Weitere Informationen zur Erinnerungsarbeit von Martina Kupka finden Sie in „Erinnerung geschieht gemeinsam„, Mandelbaum Verlag, 2019, S. 65ff.

Foto dokumentiert den Besuch der Gedenkstätte
Die Namen der Opfer der NS-Psychiatrie in Waldniel-Hostert sind gut zu entziffern. Die Plaketten leuchten in der Abendsonne – dank der gestrigen Arbeit der Schülerinnnen der Europaschule Schwalmtal. Foto: Peter Zöhren.
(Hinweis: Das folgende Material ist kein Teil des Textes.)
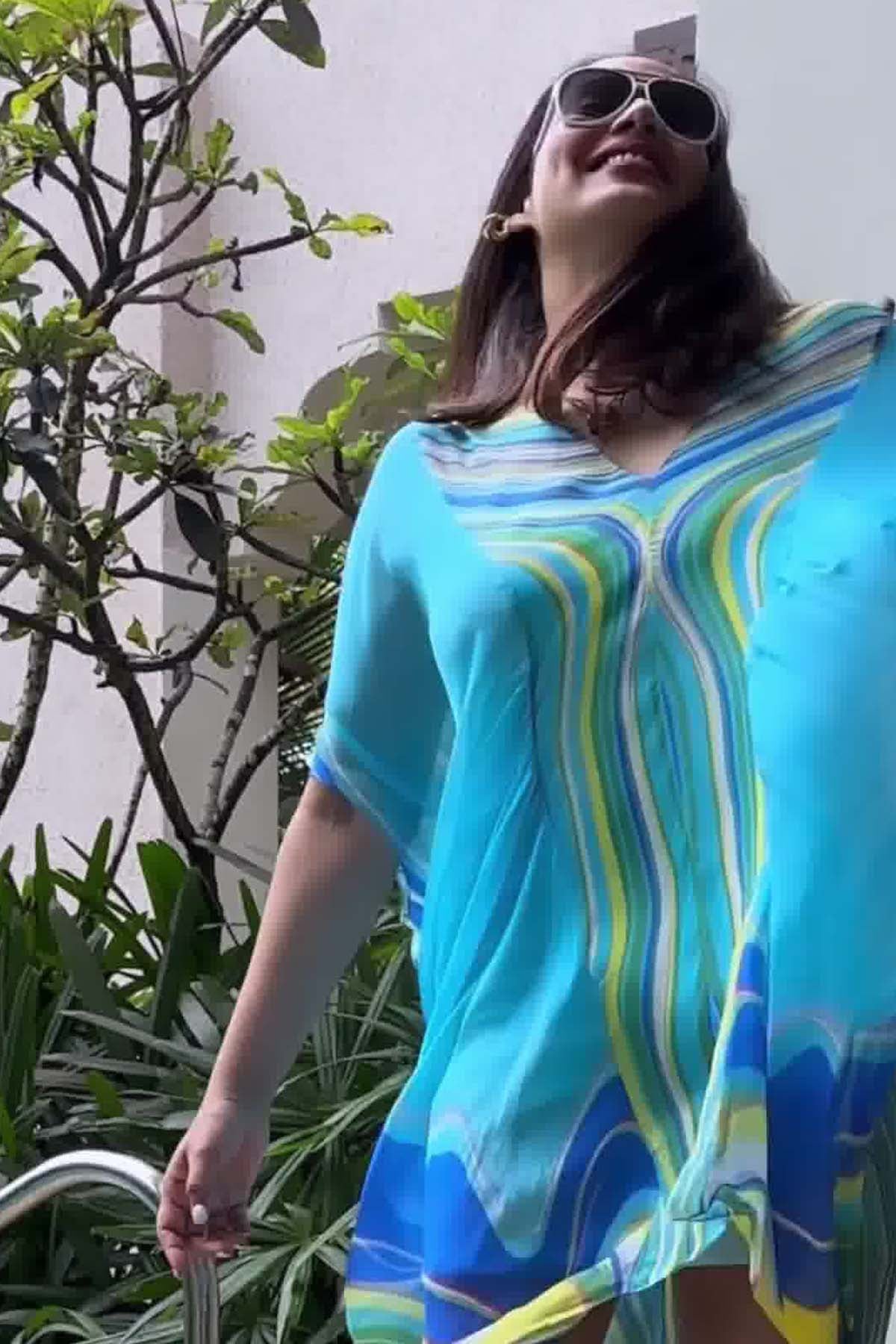 Marble Print Chiffon Kaftan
Europaschule bei der Arbeit

Dienstag, den 28. Mai 2019

Heute Morgen arbeitete eine zehnte Klasse der Europaschule Schwalmtal, die vor mehr als 30 Jahren die Patenschaft für die Gedenkstätte Waldniel-Hostert übernommen hatte, zwei Stunden lang auf diesem beeindruckenden Ort. Die jungen Leute entfernten das aufgewachsene Grün. und transportierten drei prallvolle 50 Liter Säcke ab. Einige harkten die Wege und kehrten Blätter und Blütenreste von liegenden Stelen. Andere wiederum bemühten sich mit Cola, Wasser und Zahnbürste die Plaketten auf der Stelenwand zu reinigen, damit die Namen der Opfer wieder gut zu lesen waren. Klar, dass die Zehntklässler die Namen zu entziffern suchten und ihnen auch die heute nicht gebräuchlichen Rufnamen wie z. B. Gottfried auffielen. Die Klassenlehrerin Symanski-Pape lobte ihre Schüler, sie hätten konzentriert und zielgerichtet gearbeitet, und meinte, bestimmt sei heute etwas mehr als im Schulunterricht hängen geblieben. (Fotos: Symanski-Pape).